FIG. 3 is a partial schematic diagram of a rotary machine drive system according to a third embodiment of the present invention.
FIG. 4 is a partial schematic diagram of a rotary machine drive system according to a fourth embodiment of the present invention.
FIG. 5 is an illustration of a magnetic coupling provided in the rotary machine drive system.
FIG. 6 is a partial schematic diagram of a rotary machine drive system according to a fifth embodiment of the present invention.
FIG. 7 is a partial schematic diagram of a rotary machine drive system according to a sixth embodiment of the present invention.

DESCRIPTION OF THE PREFERRED EMBODIMENTS

Hereinafter, embodiments of the present invention will be described with reference to the drawings.

(First Embodiment)

Fig. 1 shows a configuration of a rotary machine drive system according to a first embodiment. Specifically, the rotary machine drive system includes a circulation circuit 10 that is a binary cycle engine through which a working medium circulates, a power generator 20 that is a rotary machine, and a control unit 50 that performs various controls. It should be noted that the working medium with a boiling point lower than that of water (for example, HFC245fa) circulates in the circulation circuit 10.
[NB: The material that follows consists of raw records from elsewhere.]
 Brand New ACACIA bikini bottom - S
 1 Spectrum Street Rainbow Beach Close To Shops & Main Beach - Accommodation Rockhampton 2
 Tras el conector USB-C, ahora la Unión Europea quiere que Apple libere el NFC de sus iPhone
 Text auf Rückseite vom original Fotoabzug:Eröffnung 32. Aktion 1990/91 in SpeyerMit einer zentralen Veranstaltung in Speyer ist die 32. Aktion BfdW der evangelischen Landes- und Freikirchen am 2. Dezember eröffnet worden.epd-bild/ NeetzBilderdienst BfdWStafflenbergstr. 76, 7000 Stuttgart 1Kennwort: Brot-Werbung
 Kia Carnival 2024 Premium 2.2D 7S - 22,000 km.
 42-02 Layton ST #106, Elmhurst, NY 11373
Connected to the circulation circuit 10 are a first heat source heat exchanger 11 that gasifies the working medium, a second heat source heat exchanger 12 that gasifies the working medium, a first expander 13 that expands the working medium in a gaseous state, a second expander 14 that expands the working medium in a gaseous state, a condenser system 16 that condenses the working medium that has been expanded by the first expander 13 and the second expander 14, and a pump system 18 that delivers the working medium that has been condensed by the condenser system 16 to the first heat source heat exchanger 11.
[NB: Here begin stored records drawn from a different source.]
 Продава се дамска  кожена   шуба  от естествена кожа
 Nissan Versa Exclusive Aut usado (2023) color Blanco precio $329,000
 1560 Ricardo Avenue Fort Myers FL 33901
According to the first embodiment, the condenser system 16 is configured by a single condenser 22, and the pump system 18 includes a first pump 18a and a second pump 18b.
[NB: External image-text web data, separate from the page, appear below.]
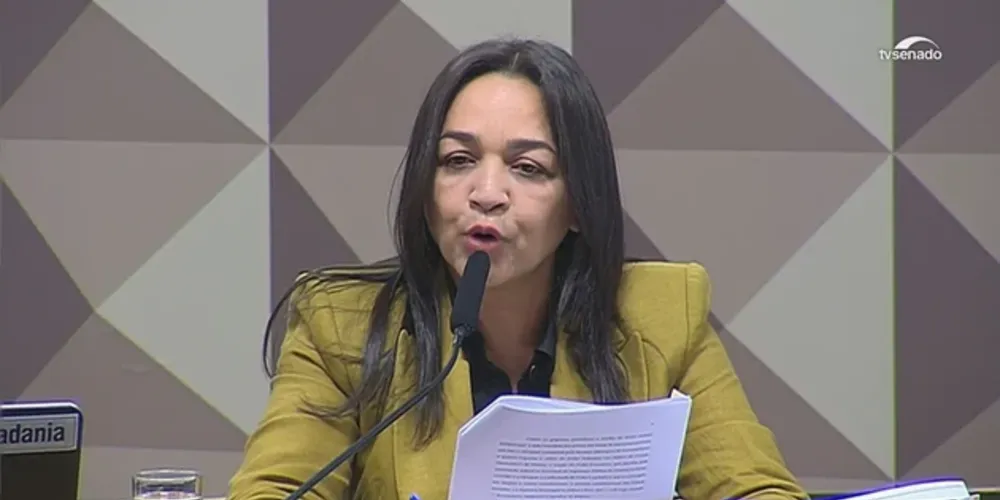 Senadora Eliziane Gama, relatora da CPI dos Atos Golpistas, apresenta relatório da comissão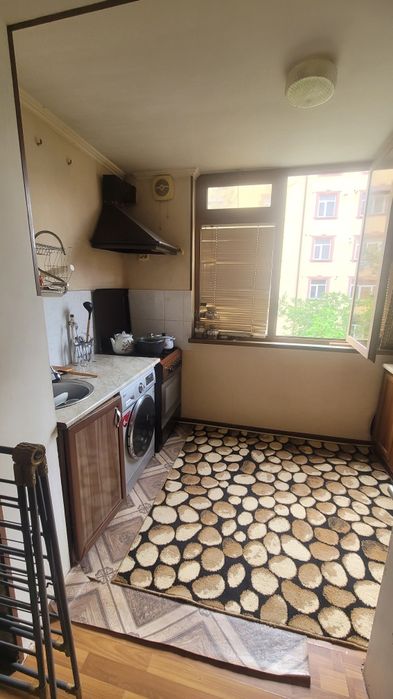 Сурочна  продается  квартира 3 комната В Самкоче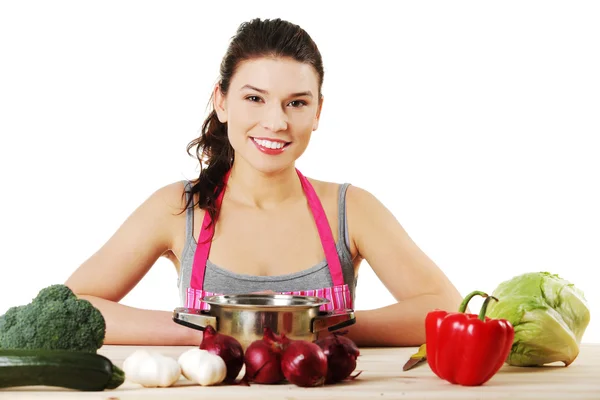 Mujer joven cocinando comida saludable en olla — Foto de Stock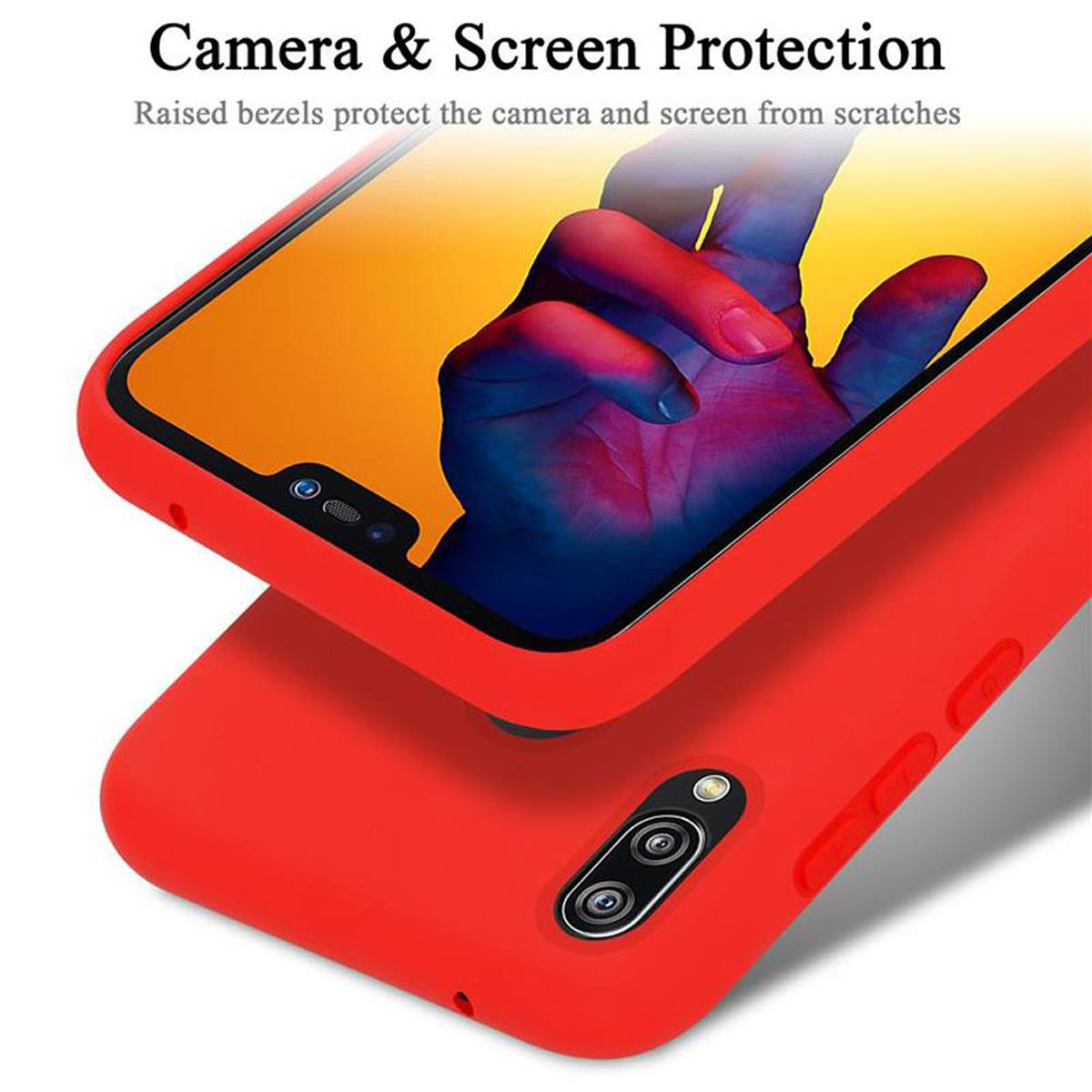Rote Handyhülle mit Displayschutzfolie, zeigt eine Hand, die das Telefon hält.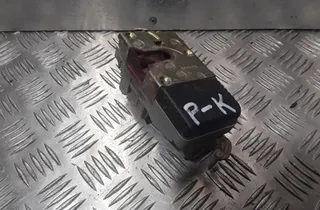 CITROËN C8 1 generation (2002-2014) Ľavý predný zámok dverí 33830690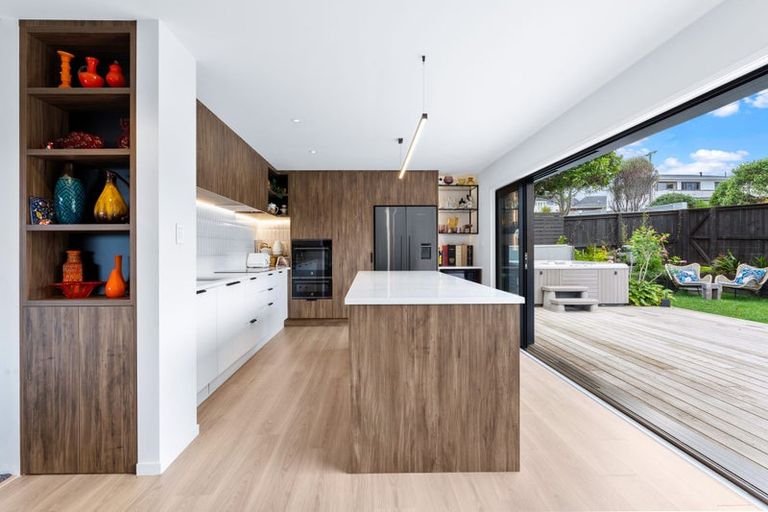 Photo of property in 1/33 Hyde Road, Rothesay Bay, Auckland, 0630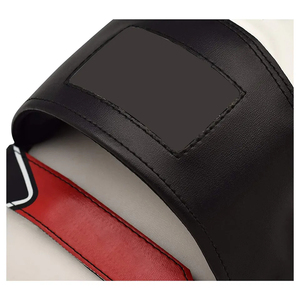 Mitaine d'entraînement sportive Focus Pad Premium avec rembourrage absorbant les chocs, poignée ergonomique confortable et conception durable pour la boxe - Product Image 6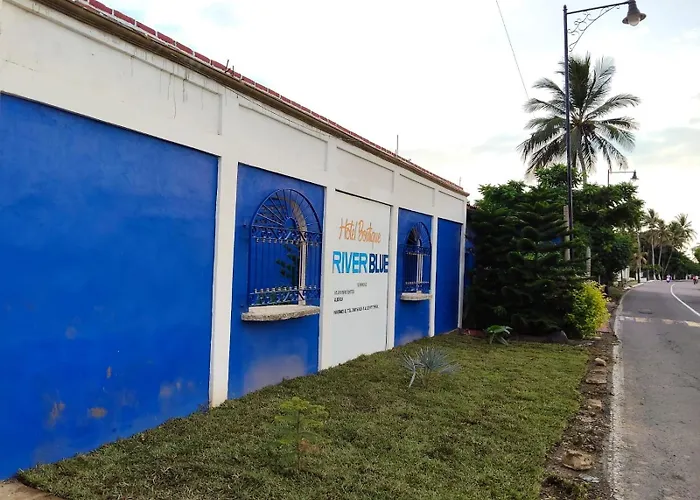 River Blue Hotel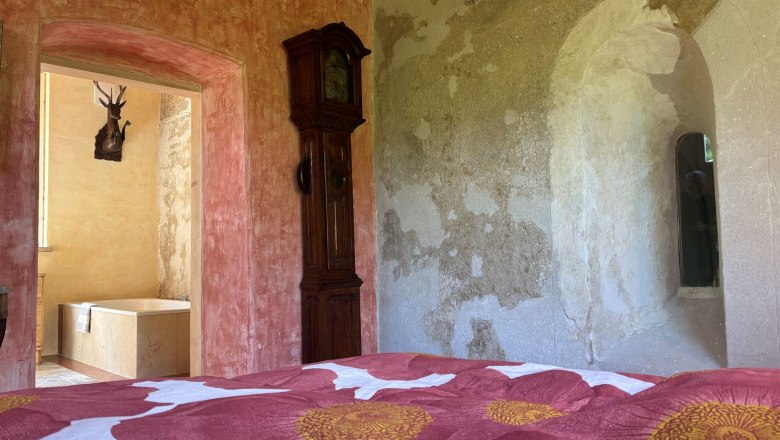 Romanisches Fenster im Schlafzimmer, &copy; Cultraum_Strass, Fotoraf Hans St&ouml;ckelmaier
More specifically, the circulation circuit 10 includes a first circuit 10a and a second circuit 10b connected to the first circuit 10a. The first circuit 10a is provided with the first heat source heat exchanger 11, the first expander 13, the condenser 22 configuring the condenser system 16, and the first pump 18a and the second pump 18b that configure the pump system 18. The second circuit 10b is provided with the second heat source heat exchanger 12 and the second expander 14. One end of the second circuit 10b is connected between the first expander 13 and the condenser 22 in the first circuit 10a. The other end of the second circuit 10b is connected between the first pump 18a and the second pump 18b in the first circuit 10a.
The first heat source heat exchanger 11 gasifies a liquid working medium by the heat of a first heating medium. The first heat source heat exchanger 11 has a working medium flow path 11a through which the working medium flows and a heating medium flow path 11b through which the first heating medium flows. The heating medium flow path 11b is connected to a first heating medium circuit 30, and the first heating medium flows therethrough. The working medium flowing through the working medium flow path 11a exchanges heat with the first heating medium flowing through the heating medium flow path 11b, and then evaporates.
The first heating medium supplied by the first heating medium circuit 30 may include, for example, steam collected from an ore chute (steam well), steam discharged from a plant or the like, in addition to steam generated by a solar collector using solar heat as a heat source, steam generated from exhaust heat of an engine, a compressor, or the like, and steam generated from a boiler using biomass and fossil fuel as a heat source. The temperature of the first heating medium introduced to the first heat source heat exchanger 11 is, for example, 105 to 250 °C.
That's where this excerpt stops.